(Dataset entries)

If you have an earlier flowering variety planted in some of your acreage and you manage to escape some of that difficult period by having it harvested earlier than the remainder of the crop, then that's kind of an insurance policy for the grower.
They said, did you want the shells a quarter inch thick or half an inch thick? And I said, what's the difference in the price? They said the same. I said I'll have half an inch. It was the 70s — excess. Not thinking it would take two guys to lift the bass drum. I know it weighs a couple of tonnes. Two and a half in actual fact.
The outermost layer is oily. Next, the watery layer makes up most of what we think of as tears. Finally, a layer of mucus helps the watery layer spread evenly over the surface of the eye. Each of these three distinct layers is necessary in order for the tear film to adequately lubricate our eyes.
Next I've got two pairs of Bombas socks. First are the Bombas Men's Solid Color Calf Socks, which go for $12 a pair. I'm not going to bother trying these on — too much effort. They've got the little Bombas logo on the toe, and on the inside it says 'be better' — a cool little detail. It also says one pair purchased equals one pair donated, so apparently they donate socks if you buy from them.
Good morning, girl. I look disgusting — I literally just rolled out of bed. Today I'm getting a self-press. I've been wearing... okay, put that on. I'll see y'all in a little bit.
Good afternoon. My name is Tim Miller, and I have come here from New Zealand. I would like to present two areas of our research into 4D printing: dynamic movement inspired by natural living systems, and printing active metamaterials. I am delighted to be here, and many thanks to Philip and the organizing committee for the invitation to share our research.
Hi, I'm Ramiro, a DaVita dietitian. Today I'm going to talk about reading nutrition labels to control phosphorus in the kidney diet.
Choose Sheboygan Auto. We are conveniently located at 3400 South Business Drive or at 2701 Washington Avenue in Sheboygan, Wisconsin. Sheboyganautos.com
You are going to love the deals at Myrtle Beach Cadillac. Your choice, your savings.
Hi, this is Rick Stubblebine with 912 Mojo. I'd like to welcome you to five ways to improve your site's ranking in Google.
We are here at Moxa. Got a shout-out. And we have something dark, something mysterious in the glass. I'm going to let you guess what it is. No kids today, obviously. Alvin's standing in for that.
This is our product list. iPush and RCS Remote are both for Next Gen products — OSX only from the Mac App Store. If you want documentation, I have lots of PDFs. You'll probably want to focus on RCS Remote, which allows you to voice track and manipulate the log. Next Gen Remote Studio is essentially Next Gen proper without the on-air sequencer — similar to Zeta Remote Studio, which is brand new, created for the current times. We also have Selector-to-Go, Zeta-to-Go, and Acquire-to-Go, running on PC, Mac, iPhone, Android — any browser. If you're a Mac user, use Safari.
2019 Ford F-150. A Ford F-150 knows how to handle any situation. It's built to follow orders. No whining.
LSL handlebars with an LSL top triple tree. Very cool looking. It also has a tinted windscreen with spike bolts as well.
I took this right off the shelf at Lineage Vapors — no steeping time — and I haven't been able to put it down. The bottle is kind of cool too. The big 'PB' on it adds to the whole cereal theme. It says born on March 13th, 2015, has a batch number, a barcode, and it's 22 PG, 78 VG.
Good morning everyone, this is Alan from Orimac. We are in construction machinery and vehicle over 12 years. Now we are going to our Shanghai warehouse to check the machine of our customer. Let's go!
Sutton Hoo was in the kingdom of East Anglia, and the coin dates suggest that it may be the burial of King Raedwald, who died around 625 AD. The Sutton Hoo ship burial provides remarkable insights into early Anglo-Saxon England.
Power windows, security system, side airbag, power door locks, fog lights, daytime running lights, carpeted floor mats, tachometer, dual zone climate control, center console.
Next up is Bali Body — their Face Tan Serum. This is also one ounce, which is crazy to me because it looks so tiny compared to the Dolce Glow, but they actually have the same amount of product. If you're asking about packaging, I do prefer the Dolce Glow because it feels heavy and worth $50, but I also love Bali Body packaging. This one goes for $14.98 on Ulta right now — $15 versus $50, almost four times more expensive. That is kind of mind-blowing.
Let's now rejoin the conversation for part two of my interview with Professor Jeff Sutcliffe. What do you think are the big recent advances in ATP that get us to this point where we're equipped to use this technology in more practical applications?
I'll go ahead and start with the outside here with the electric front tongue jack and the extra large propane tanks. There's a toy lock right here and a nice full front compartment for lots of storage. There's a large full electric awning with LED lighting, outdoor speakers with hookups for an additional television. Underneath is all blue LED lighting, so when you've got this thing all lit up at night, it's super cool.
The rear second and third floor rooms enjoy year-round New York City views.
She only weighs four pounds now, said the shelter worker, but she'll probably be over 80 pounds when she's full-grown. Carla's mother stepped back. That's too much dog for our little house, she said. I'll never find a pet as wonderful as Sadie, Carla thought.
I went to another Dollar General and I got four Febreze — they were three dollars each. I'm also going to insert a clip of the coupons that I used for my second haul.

=== EXERCISE PROMPT ===
Check each line of the records for the string "love" and copy those that have it.

=== FINAL ANSWER ===
You are going to love the deals at Myrtle Beach Cadillac. Your choice, your savings.
Next up is Bali Body — their Face Tan Serum. This is also one ounce, which is crazy to me because it looks so tiny compared to the Dolce Glow, but they actually have the same amount of product. If you're asking about packaging, I do prefer the Dolce Glow because it feels heavy and worth $50, but I also love Bali Body packaging. This one goes for $14.98 on Ulta right now — $15 versus $50, almost four times more expensive. That is kind of mind-blowing.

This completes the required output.